What is printed must match, line for line, the records from their first line through the line containing "4/250 Albert Street, Sebastopol VIC 3356", with pictures left out.
=== AVAILABLE DATA ===
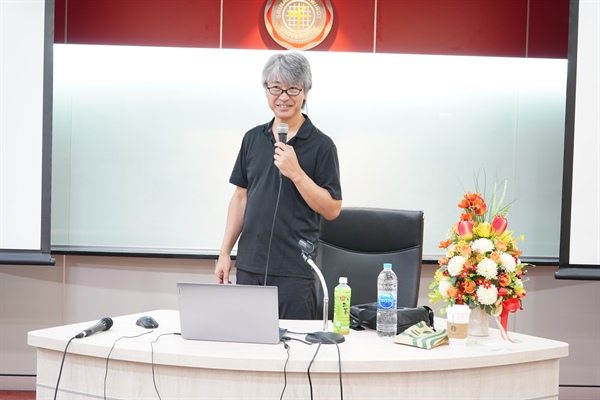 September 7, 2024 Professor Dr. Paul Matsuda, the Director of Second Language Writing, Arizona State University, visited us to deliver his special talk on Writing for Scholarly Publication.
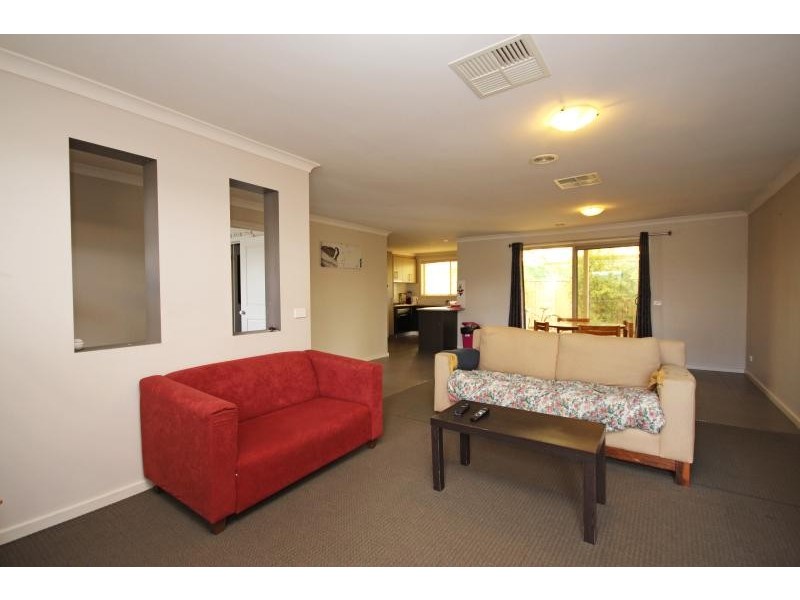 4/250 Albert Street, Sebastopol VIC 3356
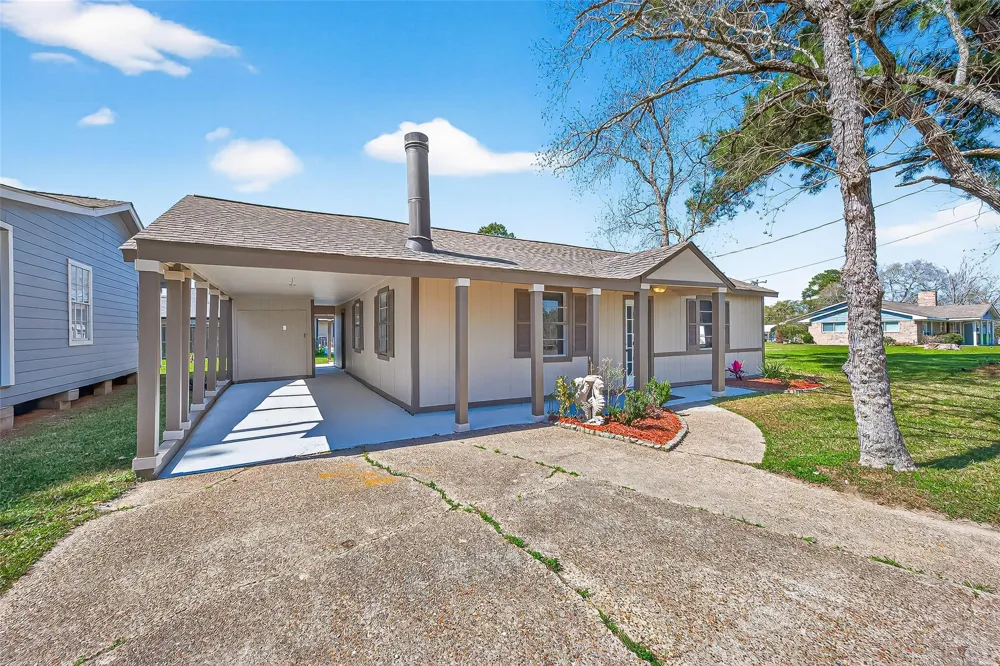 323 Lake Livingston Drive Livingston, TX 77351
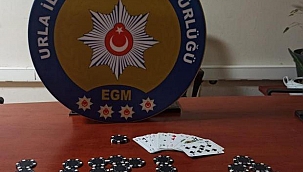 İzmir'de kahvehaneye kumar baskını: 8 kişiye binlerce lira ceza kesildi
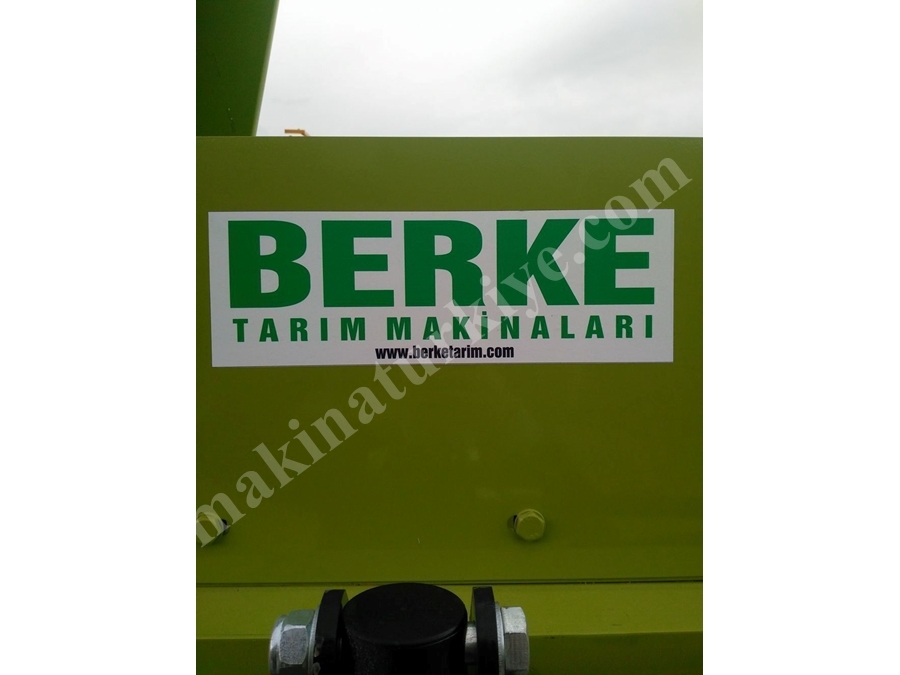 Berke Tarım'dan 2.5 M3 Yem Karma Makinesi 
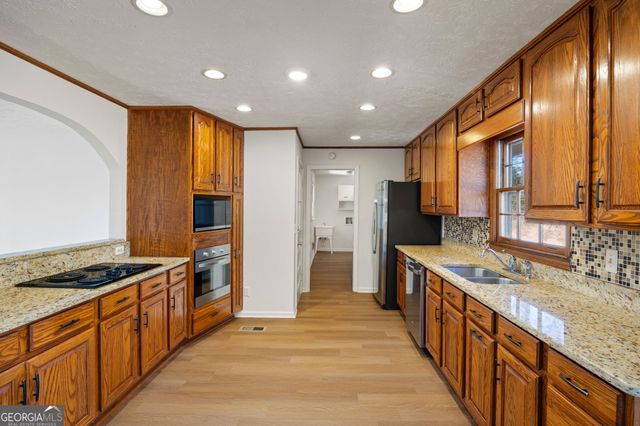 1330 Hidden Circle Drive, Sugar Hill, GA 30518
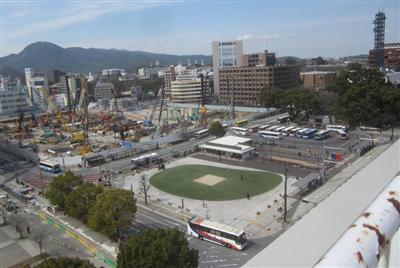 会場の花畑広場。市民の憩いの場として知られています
===
» **ANSWER TO THIS EXERCISE**:
 September 7, 2024 Professor Dr. Paul Matsuda, the Director of Second Language Writing, Arizona State University, visited us to deliver his special talk on Writing for Scholarly Publication.
 4/250 Albert Street, Sebastopol VIC 3356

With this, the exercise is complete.